- DATA FOR THIS EXERCISE:
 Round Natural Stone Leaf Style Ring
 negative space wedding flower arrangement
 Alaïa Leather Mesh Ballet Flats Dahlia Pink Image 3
* * *
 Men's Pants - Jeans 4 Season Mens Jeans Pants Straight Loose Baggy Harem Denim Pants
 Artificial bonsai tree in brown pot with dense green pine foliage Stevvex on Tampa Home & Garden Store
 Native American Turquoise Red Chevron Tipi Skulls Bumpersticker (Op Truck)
==
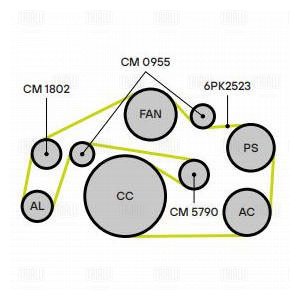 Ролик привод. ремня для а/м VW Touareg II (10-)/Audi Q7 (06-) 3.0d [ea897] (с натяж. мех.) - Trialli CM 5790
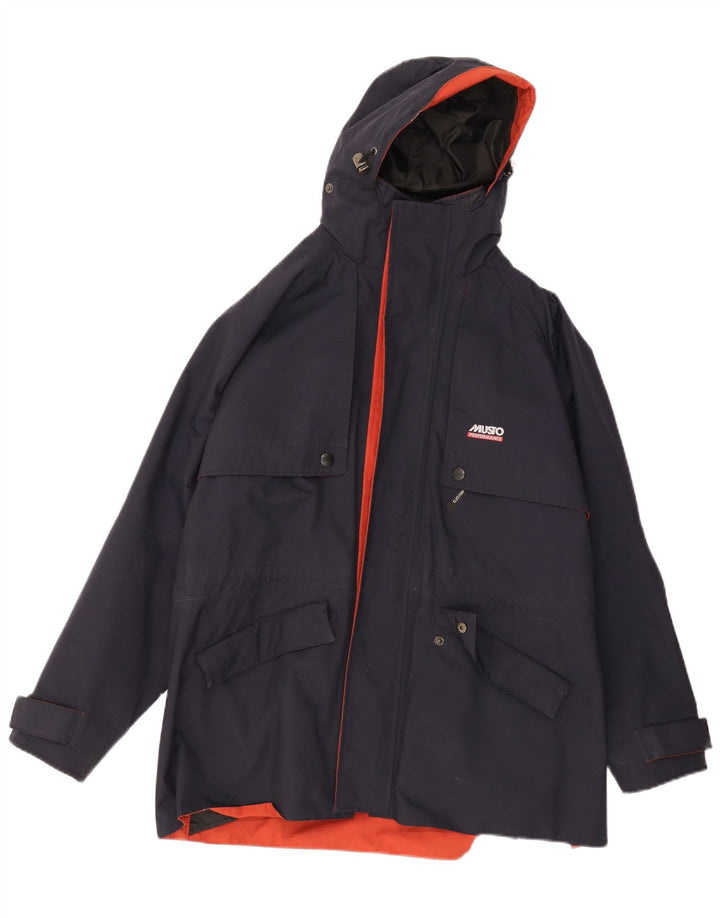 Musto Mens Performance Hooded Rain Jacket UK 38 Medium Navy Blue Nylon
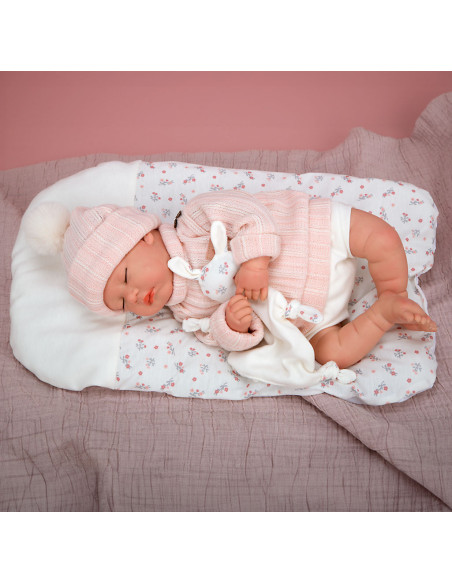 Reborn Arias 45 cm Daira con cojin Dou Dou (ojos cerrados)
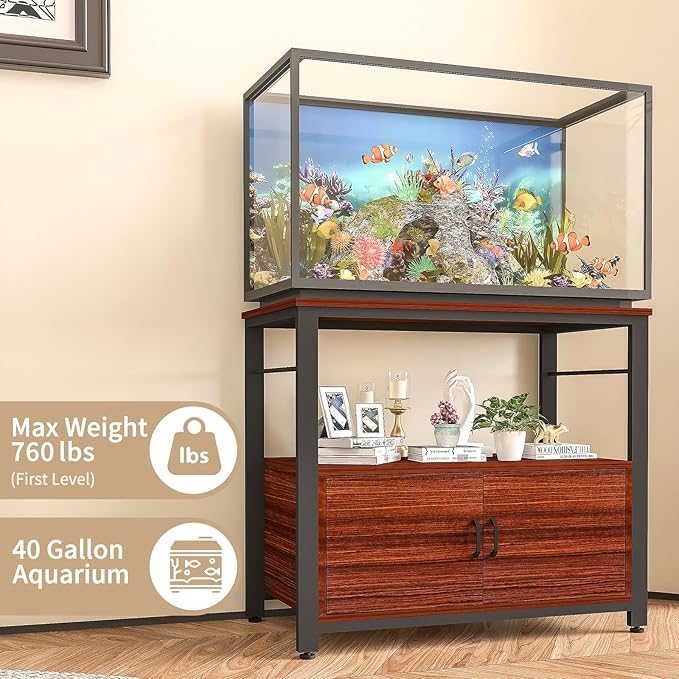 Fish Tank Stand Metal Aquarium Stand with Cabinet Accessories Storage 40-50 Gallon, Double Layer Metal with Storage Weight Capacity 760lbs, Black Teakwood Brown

- WHAT YOU SHOULD DO:
Your output should be the lines above from the one that contains "Ролик привод. ремня" through the one that contains "Fish Tank Stand", word for word, with pictures left out.

- TASK SOLUTION:
 Ролик привод. ремня для а/м VW Touareg II (10-)/Audi Q7 (06-) 3.0d [ea897] (с натяж. мех.) - Trialli CM 5790
 Musto Mens Performance Hooded Rain Jacket UK 38 Medium Navy Blue Nylon
 Reborn Arias 45 cm Daira con cojin Dou Dou (ojos cerrados)
 Fish Tank Stand Metal Aquarium Stand with Cabinet Accessories Storage 40-50 Gallon, Double Layer Metal with Storage Weight Capacity 760lbs, Black Teakwood Brown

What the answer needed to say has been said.